My networking friends balked and said that this isn't a valid rule for networks. I think that violations of this rule are so rare they are hard to imagine. Or, better stated, networking people do this so naturally that it is hard to imagine violating this rule.
However, here are 3 from my experience:
- Situation: A company who's internet connection is a DSL modem. The modem is in the hallway near the computer room, but not in the computer room. As a result, when someone knocks the modem over, the company's website is down. (web site depending on router). Improvement: move the router into the computer room.
- A computer room with excellent UPS and power infrastructure... but the router isn't on the UPS for weird historical reasons (it is depending on external power). Improvement: move the router onto the UPS.
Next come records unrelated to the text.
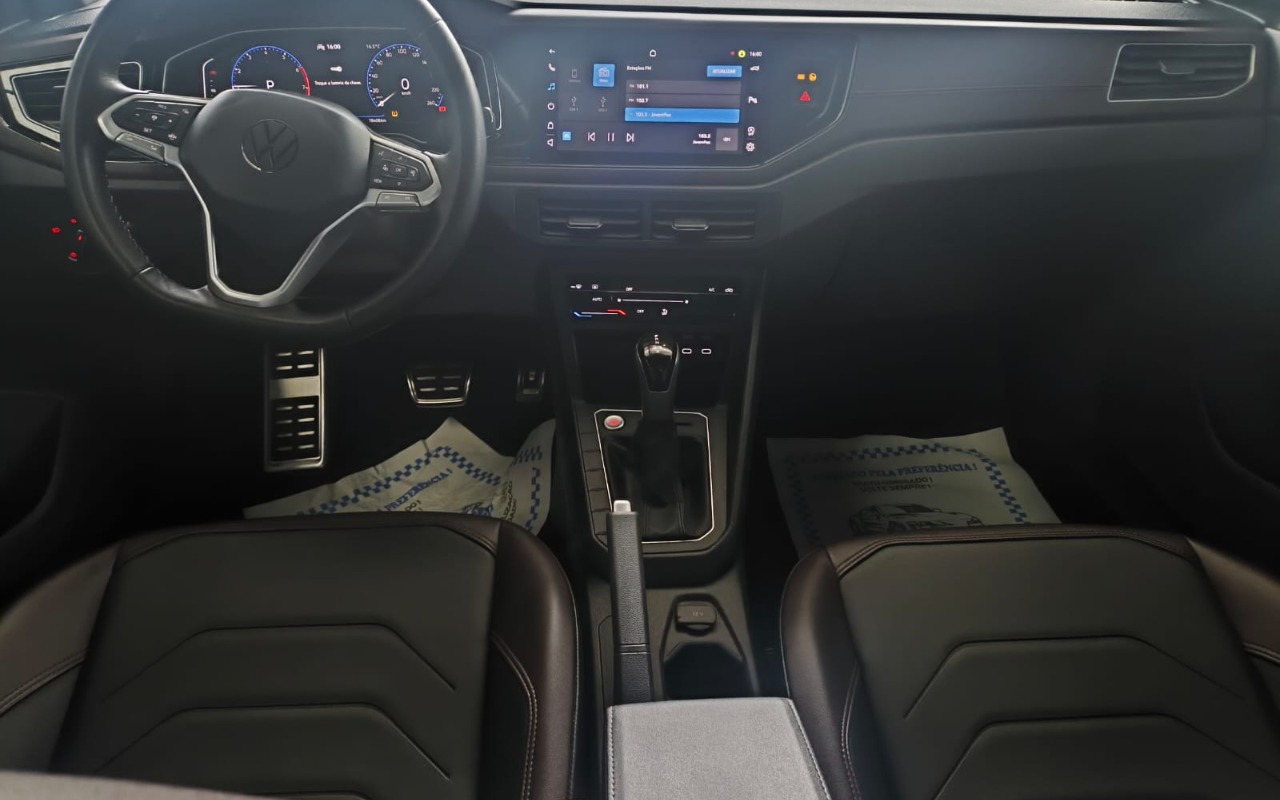 imagem-https://www.socarrao.com.br/sc-vehicle-images-prod/3947639/1789755334205-ODVkMTUxNTMtMDQzYi00YTY2LTg0NDEtMTUyMjdiYTIxODMwLmpwZw.jpg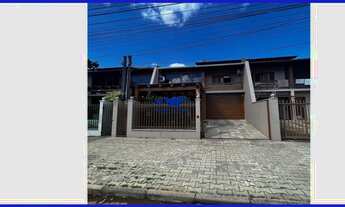 Imagem 2: Lindo sobrado com 126 m² de área construída, com 3 dormitórios, semi-mobiliado no centro d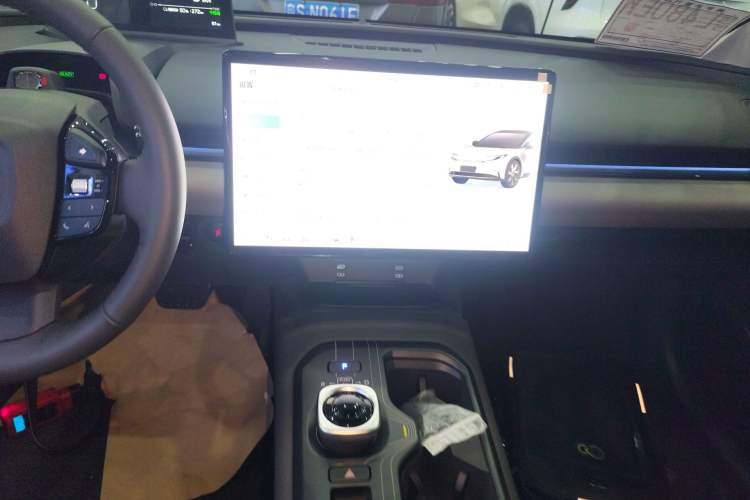 Used Toyota bZ5 2025 Model 550 PRO Smart Driving Edition Audio And AC Panel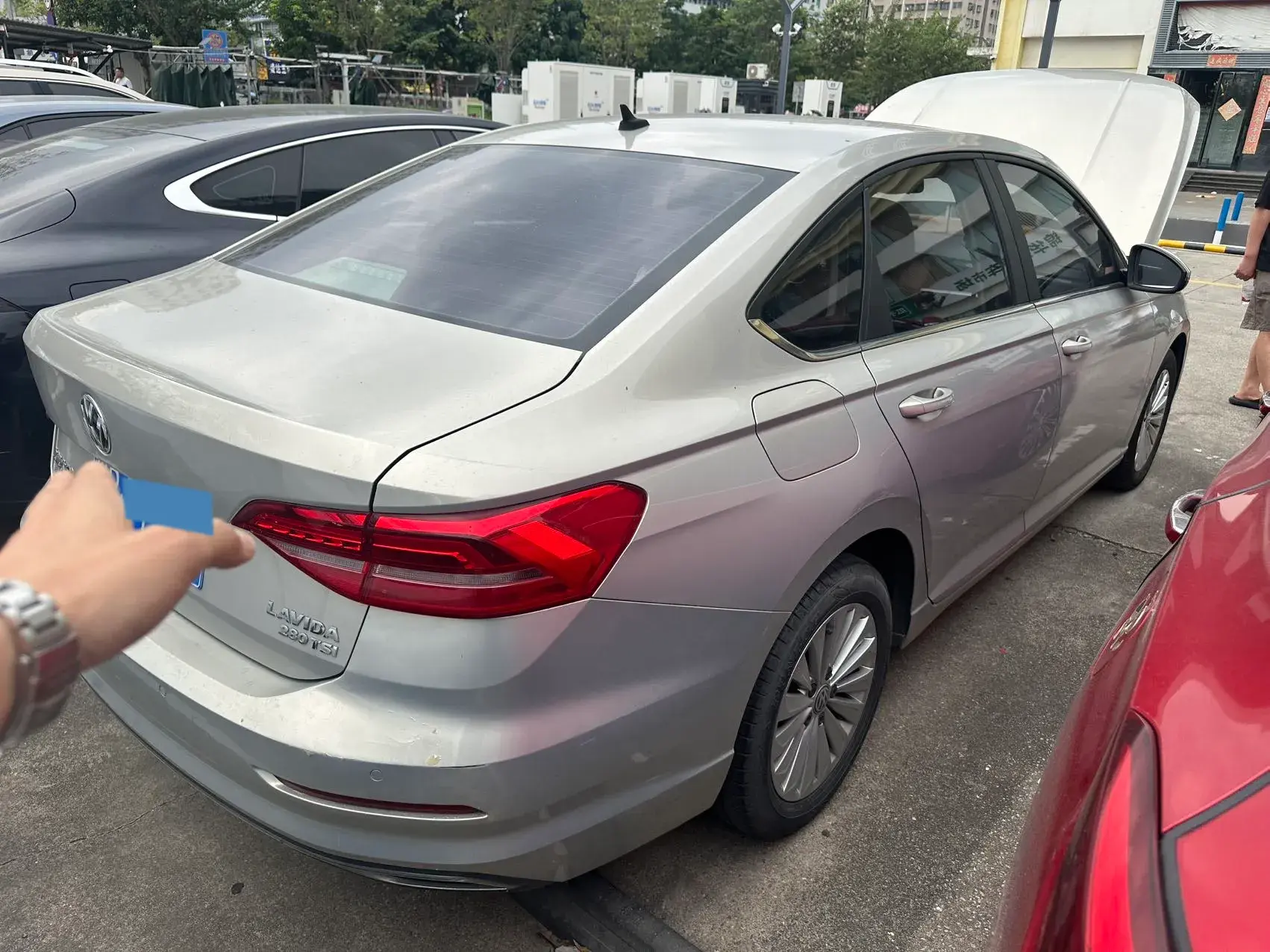 2018 VOLKSWAGEN LAVIDA thumbnail 2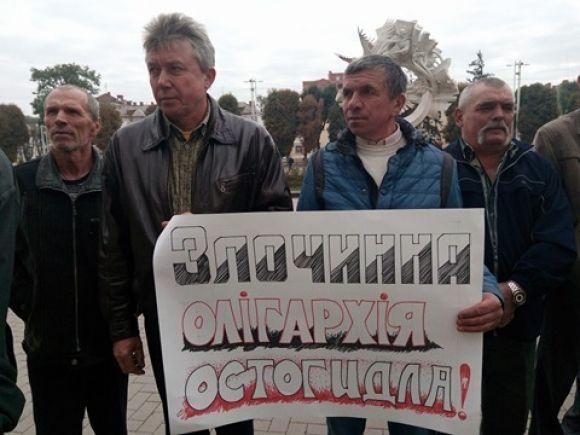 Готові до голодування. Під Хмельницькою ОДА мітингують селяни, фото №2 на сайті vsim.ua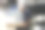 一个戴着白色帽子的日本快递员图片下载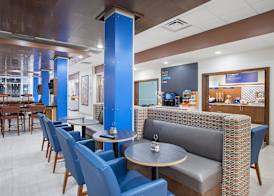Holiday Inn Express & Suites LEXINGTON W - VERSAILLES by IHG 3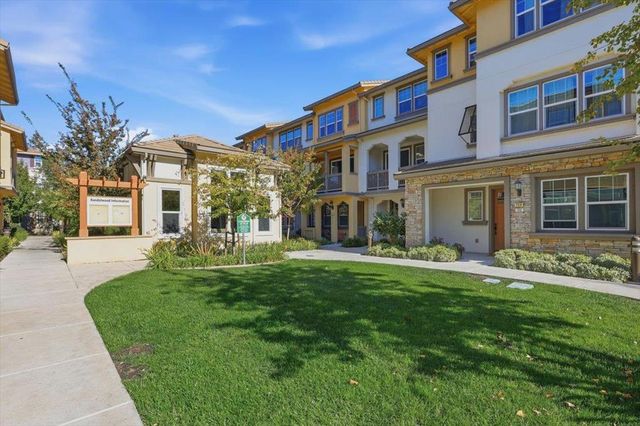 125 Maidenhair Terrace, Sunnyvale, CA 94086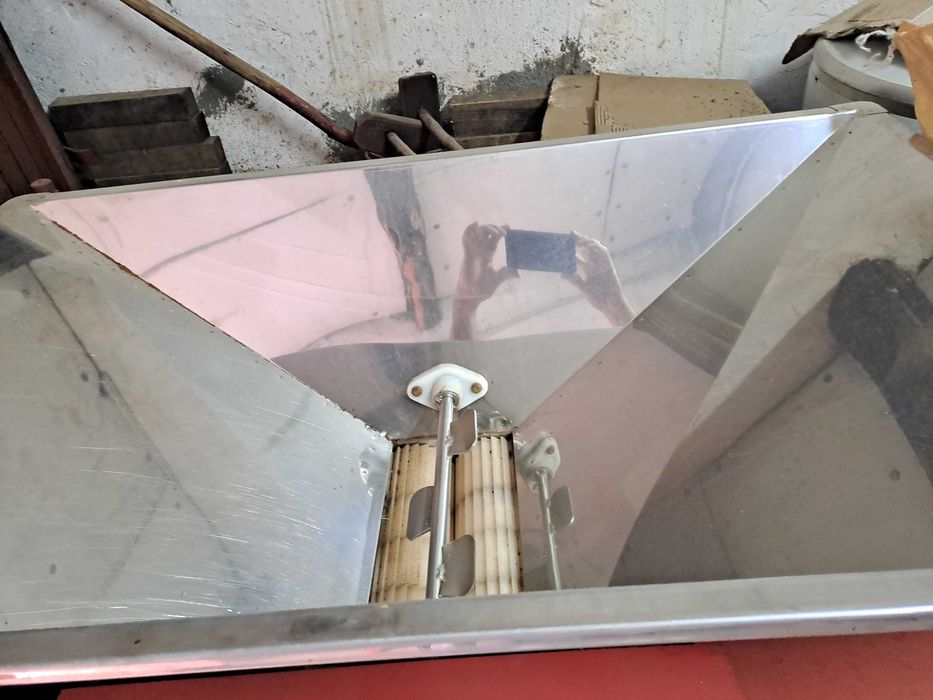 Esmagador de Uvas Elétrico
- An excellent computer room with fine ethernet switches... but the router is in the lab one room over. Each VLAN has a physical cable connected to it with a cable that runs to that other room. I was told, "the researchers are doing some experiments on the router so they wanted it in their lab". Improvement: Move the router into the computer room.
3 true stories.
It is surprising how often this is ignored.
In reality, each serial dependency that is necessary to meet and SLA must be added together. To make that problem easy, I tend to assume that there are about 10 serial dependencies for a typical application stack (switching, routing, firewalls, load balancers, app servers, database servers, SAN, power, cooling, etc).
Then the seat of the pants, rough calc is decimal-shiftingly easy. To meet three nines, you need to build each technology layer to about four nines. To meet four nines, you need to build each layer to about five nines, etc.
It's obviously more complicated than that, but it's a good place to start.